(Stored data)

┄┄┄┄┄┄┄┄┄┄

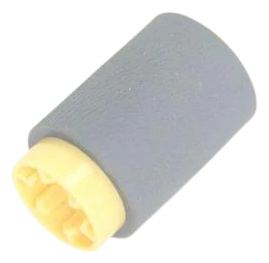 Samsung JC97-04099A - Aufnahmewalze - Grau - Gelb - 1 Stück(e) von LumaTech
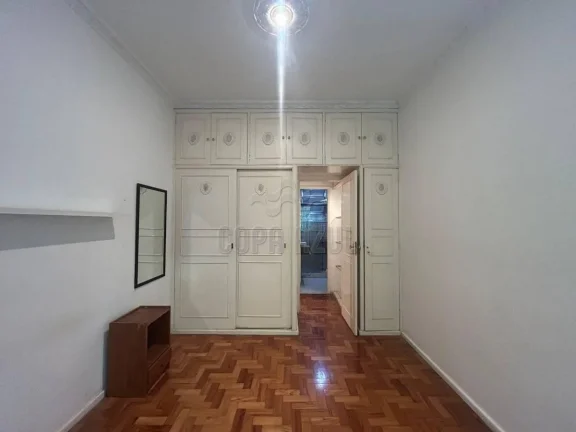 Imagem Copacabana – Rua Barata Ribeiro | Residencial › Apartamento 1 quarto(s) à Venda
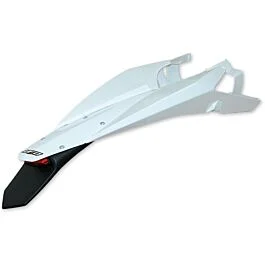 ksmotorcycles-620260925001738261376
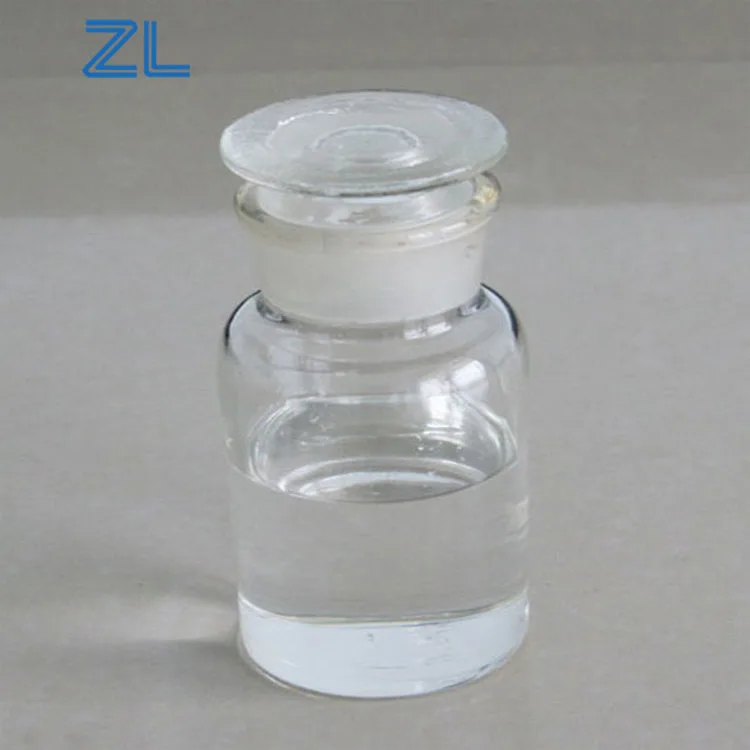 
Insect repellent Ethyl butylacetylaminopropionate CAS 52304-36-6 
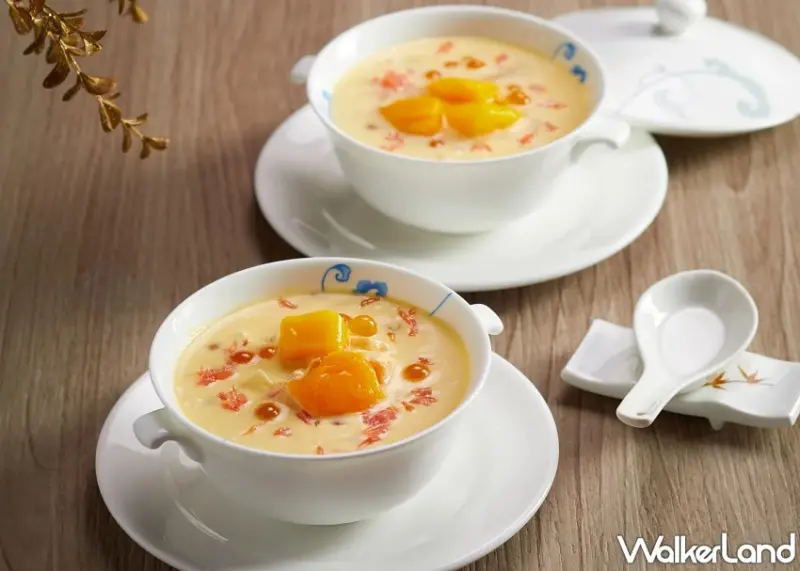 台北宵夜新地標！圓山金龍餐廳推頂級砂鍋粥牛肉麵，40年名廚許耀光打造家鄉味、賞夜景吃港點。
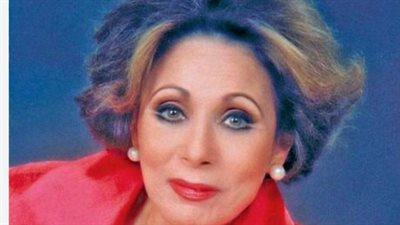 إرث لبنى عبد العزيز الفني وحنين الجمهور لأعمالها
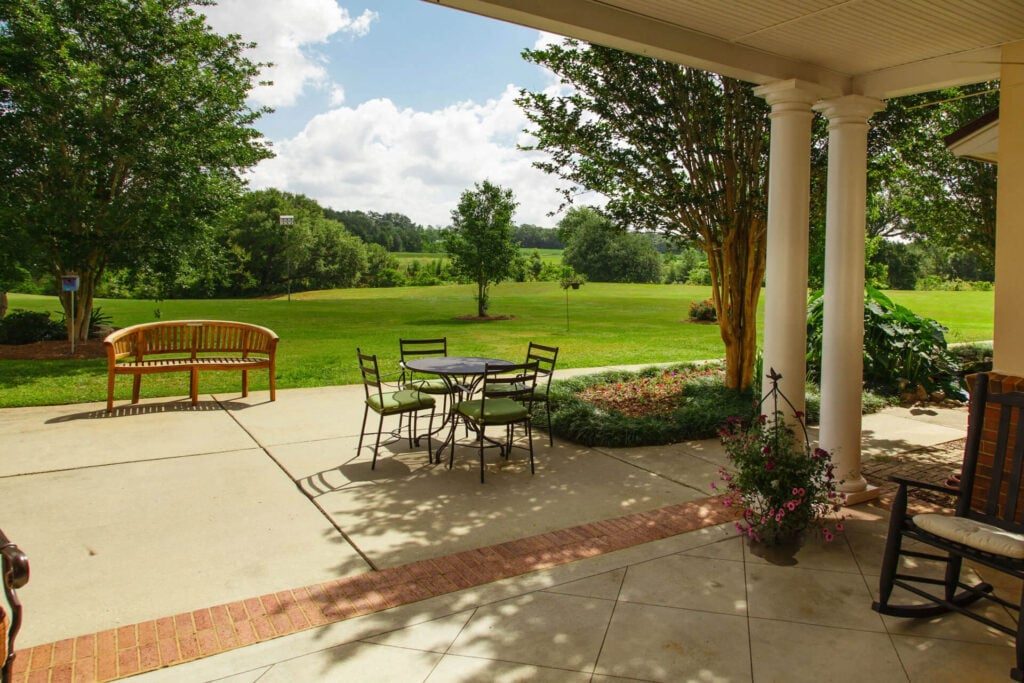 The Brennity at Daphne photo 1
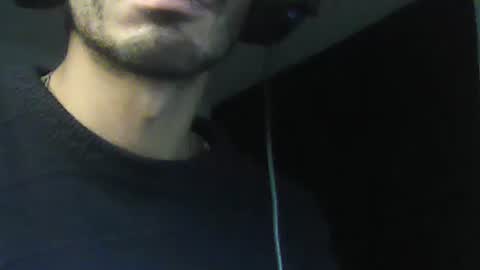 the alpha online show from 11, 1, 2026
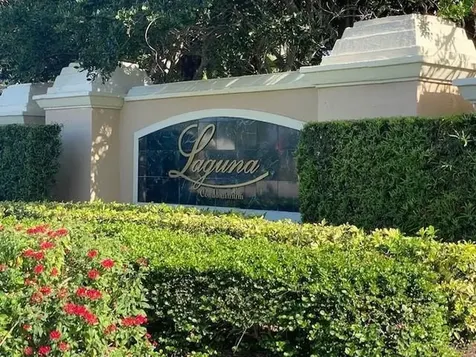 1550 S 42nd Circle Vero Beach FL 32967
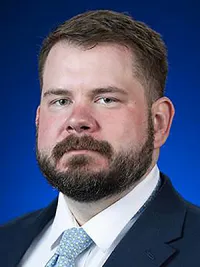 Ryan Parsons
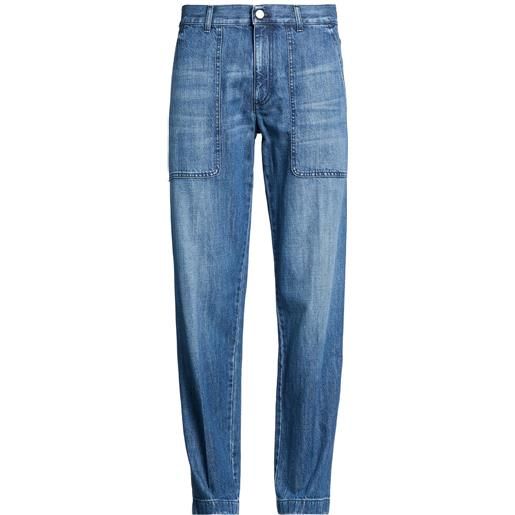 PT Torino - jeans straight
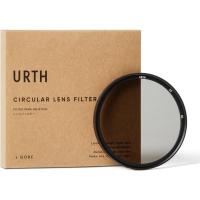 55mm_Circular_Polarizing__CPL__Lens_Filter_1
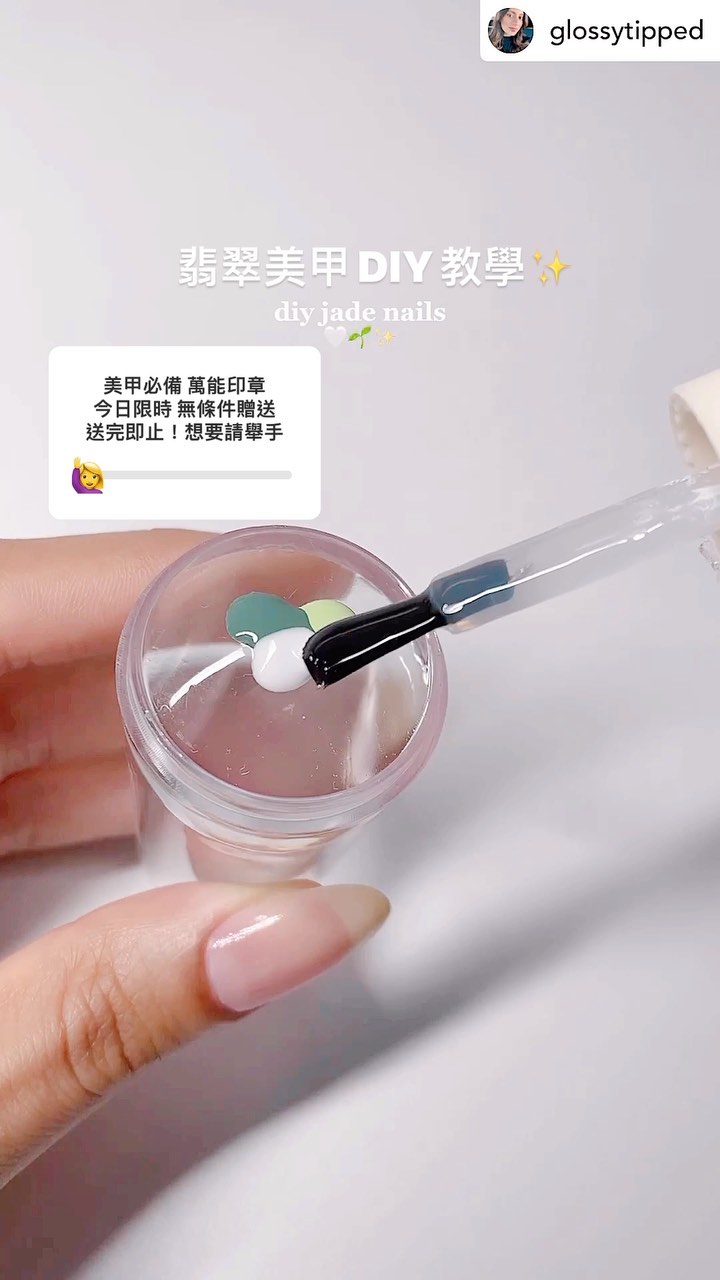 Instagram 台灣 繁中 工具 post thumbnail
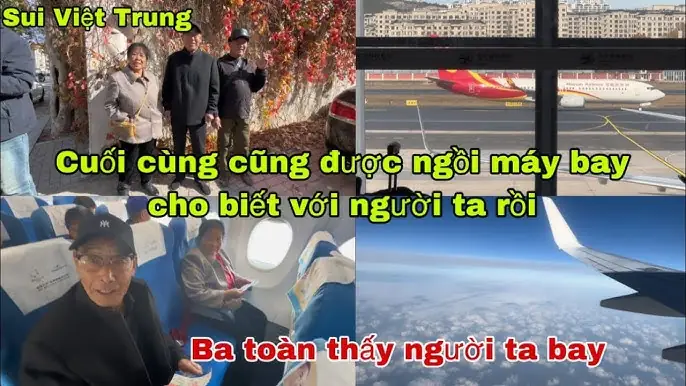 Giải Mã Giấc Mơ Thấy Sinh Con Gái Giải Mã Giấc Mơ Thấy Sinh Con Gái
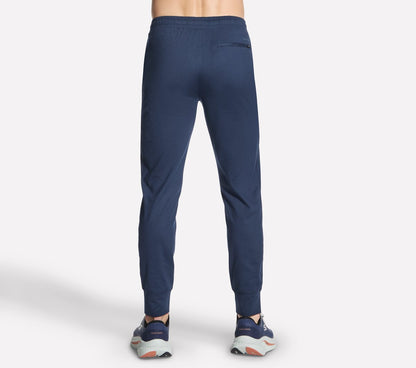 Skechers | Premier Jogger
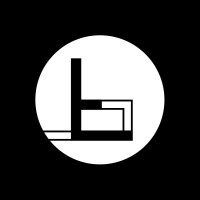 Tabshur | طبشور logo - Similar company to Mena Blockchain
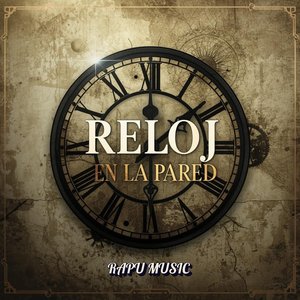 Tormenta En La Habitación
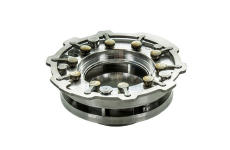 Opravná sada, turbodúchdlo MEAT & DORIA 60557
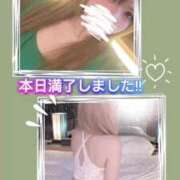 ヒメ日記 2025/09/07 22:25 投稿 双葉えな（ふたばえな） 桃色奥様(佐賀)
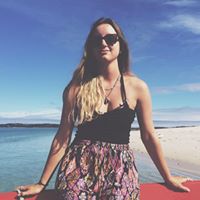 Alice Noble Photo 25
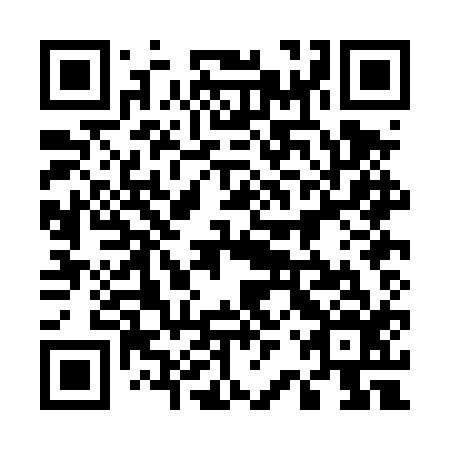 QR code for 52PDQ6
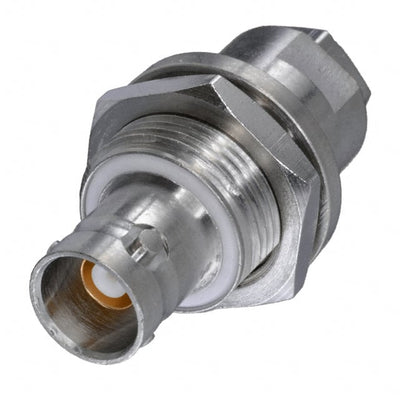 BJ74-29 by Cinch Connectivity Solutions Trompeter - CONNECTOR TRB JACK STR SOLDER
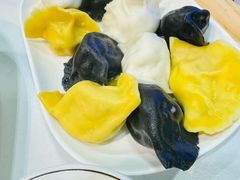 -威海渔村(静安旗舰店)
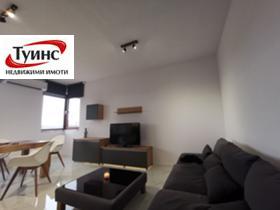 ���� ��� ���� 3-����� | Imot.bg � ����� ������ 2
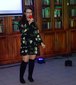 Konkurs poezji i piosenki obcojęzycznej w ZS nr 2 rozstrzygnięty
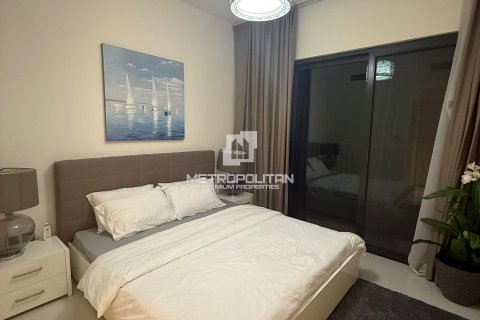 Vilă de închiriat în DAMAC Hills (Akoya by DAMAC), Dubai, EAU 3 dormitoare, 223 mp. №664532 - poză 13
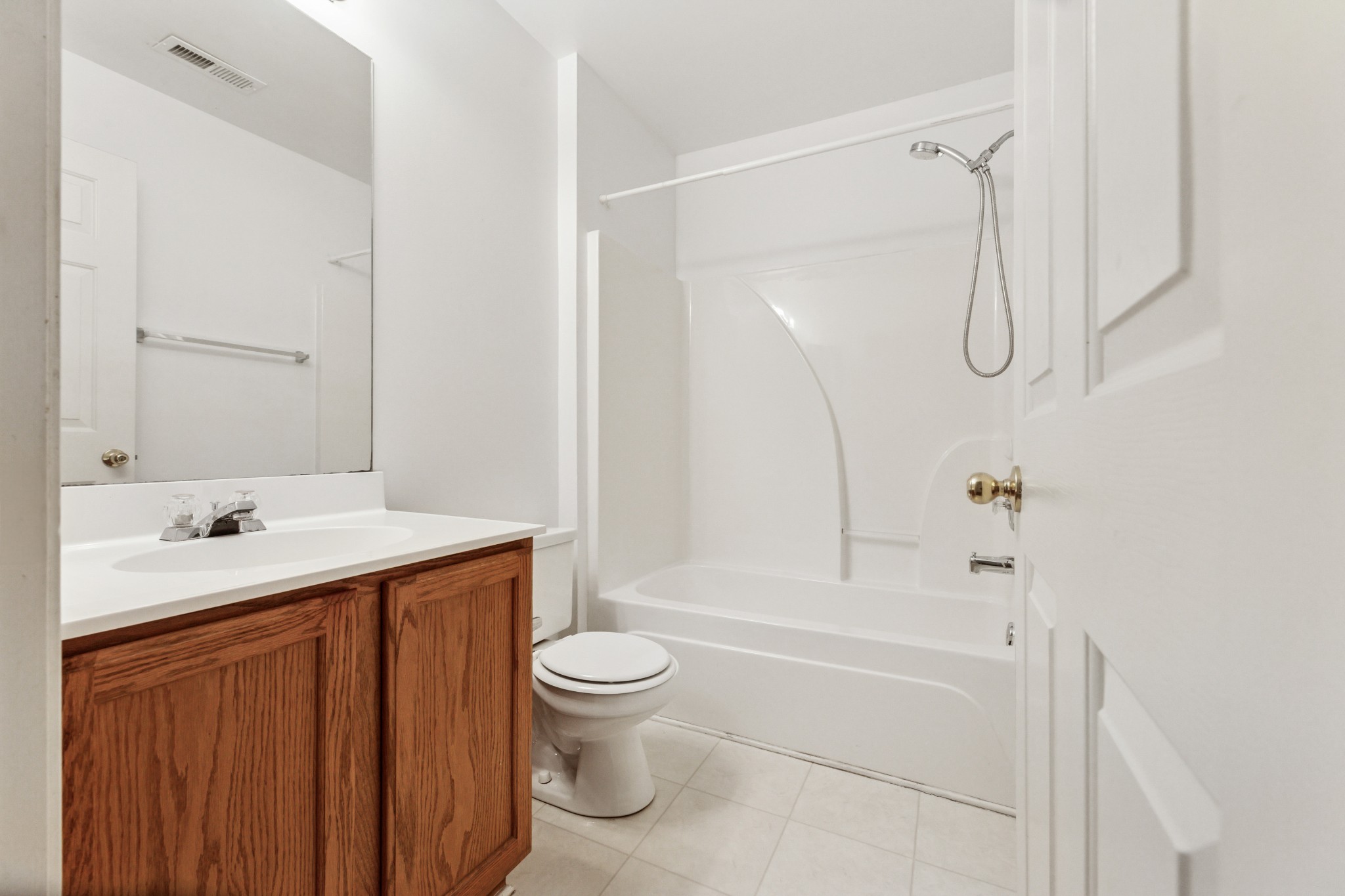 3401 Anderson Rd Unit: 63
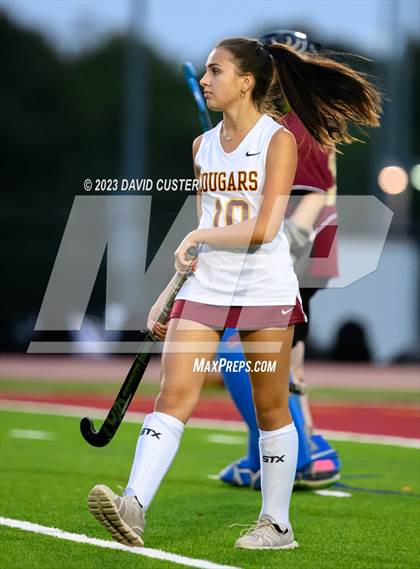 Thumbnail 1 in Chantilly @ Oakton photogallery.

┄┄┄┄┄┄┄┄┄┄

### WORK REQUIRED:
Transcribe, word for word, the stretch of lines in the data above from the one with "Insect repellent Ethyl" through the one with "the alpha online show from 11, 1, 2026"; omit all pictures.

### EXPECTED ANSWER:
Insect repellent Ethyl butylacetylaminopropionate CAS 52304-36-6 
 台北宵夜新地標！圓山金龍餐廳推頂級砂鍋粥牛肉麵，40年名廚許耀光打造家鄉味、賞夜景吃港點。
 إرث لبنى عبد العزيز الفني وحنين الجمهور لأعمالها
 The Brennity at Daphne photo 1
 the alpha online show from 11, 1, 2026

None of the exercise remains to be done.